隠居の独り言(1594)

就職戦線華やかなりし昨今は、ビジネススーツを着た若者を多く見かける。この季節になると
新聞などで就職先人気ランキングを見るけど今年は大手商社が目につく。自分の若い時は
松竹・東映の映画会社が憧れだった。時が移って日航、東電、銀行、証券・・でも今が人気も
会社の将来と保証が分からない。中には傾いた会社も多くある。そして何処に就職をしても
所詮、会社の歯車の一つにすぎない。
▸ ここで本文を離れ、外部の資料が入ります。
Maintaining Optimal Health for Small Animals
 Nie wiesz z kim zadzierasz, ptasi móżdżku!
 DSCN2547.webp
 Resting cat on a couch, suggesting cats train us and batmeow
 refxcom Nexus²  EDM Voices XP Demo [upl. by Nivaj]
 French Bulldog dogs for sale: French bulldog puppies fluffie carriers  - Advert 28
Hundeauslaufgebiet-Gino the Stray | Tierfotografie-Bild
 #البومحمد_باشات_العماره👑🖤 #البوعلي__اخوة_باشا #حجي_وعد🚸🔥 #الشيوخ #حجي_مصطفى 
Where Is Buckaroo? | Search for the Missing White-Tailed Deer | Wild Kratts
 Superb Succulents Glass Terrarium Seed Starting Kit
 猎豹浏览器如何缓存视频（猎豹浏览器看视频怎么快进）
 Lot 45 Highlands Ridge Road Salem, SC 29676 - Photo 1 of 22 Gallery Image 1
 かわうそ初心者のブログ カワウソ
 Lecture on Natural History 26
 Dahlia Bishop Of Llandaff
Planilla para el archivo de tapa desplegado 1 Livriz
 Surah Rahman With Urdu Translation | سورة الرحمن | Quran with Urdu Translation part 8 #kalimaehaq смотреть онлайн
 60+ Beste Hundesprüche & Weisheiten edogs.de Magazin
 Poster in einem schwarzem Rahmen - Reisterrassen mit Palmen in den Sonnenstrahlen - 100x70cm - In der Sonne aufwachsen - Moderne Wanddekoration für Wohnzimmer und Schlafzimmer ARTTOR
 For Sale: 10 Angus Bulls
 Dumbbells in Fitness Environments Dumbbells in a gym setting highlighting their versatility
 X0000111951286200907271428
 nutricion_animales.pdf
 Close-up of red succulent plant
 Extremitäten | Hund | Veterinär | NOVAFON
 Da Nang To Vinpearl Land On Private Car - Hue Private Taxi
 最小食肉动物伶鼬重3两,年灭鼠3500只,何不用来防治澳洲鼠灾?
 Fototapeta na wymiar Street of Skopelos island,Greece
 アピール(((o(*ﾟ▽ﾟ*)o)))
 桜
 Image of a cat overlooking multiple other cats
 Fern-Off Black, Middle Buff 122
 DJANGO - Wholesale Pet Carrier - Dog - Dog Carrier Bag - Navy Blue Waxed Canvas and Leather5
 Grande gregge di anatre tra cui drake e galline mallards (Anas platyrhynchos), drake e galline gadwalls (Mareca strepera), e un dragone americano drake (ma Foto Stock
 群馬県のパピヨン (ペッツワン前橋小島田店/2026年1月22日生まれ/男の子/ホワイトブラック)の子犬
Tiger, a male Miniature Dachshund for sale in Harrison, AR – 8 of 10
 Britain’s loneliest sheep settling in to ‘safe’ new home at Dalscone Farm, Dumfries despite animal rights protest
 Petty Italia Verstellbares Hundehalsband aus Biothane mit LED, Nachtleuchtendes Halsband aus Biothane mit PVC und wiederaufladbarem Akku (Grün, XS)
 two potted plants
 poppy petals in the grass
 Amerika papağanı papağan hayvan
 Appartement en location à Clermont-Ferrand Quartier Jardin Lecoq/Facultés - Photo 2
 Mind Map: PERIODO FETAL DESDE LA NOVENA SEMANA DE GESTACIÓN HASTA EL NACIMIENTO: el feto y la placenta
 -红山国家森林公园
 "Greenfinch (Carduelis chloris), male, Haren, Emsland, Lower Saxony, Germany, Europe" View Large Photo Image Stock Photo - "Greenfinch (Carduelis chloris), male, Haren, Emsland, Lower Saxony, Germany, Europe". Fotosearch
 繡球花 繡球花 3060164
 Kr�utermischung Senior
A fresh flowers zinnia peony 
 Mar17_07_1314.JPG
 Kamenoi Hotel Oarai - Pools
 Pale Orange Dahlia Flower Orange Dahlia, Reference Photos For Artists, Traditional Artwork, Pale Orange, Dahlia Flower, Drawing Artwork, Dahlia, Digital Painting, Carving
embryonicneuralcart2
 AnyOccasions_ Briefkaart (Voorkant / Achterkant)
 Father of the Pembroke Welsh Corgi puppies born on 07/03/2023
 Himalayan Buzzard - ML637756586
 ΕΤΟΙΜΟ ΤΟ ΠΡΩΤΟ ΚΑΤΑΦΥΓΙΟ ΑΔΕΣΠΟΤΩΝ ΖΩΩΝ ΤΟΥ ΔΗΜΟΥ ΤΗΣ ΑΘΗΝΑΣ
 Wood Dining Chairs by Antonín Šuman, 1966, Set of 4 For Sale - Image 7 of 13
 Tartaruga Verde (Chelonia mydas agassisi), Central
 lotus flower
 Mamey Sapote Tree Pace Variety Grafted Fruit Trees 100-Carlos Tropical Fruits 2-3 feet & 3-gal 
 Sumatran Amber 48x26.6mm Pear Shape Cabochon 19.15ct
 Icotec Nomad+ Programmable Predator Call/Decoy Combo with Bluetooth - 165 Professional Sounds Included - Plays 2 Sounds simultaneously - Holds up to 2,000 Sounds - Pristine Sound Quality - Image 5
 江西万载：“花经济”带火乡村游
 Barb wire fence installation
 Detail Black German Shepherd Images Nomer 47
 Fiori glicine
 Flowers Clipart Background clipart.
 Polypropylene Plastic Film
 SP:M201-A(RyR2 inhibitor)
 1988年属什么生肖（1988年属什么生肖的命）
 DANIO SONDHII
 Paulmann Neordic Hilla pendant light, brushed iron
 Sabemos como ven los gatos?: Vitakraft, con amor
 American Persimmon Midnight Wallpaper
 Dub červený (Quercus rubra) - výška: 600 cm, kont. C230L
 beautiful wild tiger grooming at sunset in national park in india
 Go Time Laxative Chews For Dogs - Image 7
自分が子供や孫に伝えたいのは体に職をつけること、
きちんとした資格を取ることの二点で、自分の人生を一つの会社に捧げるなんて勿体ない。
人生は遺伝3割、環境3割、努力3割、運1割というけれど、これも全ては縁が基で決まる。
自分で親を選ぶことも男女の区別も選べない。生まれた家柄の環境も運の神が決めたことで
仕方ないが、しかし努力は誰のせいでなく、自らの計画と汗を流すことで人生が変わっていく。
努力は実力を産み、運は実力のうちになっていくし、努力次第で良き縁と良き運に恵まれる。
因果応報は必ずあり、全ての物事は原因だけでは結果は生まれない。因と縁が結び付いて、
初めて結果となる。人生は歳取ってみないと分からないことがある。84歳になった今になって
因果がしみじみと感じることが多くなった。成したこと、悔いが残ること、取り返しがつかない
過去の出来事の上にあって、これで良かったのか、答えのない問答が繰り返し脳内をよぎる。
これが老人というもの、自分にカッコ付けるなら良い部分を残し、悪いのは捨てる努力をする。
人生のゴールは近いが最後まで希望と美学を持ちたい。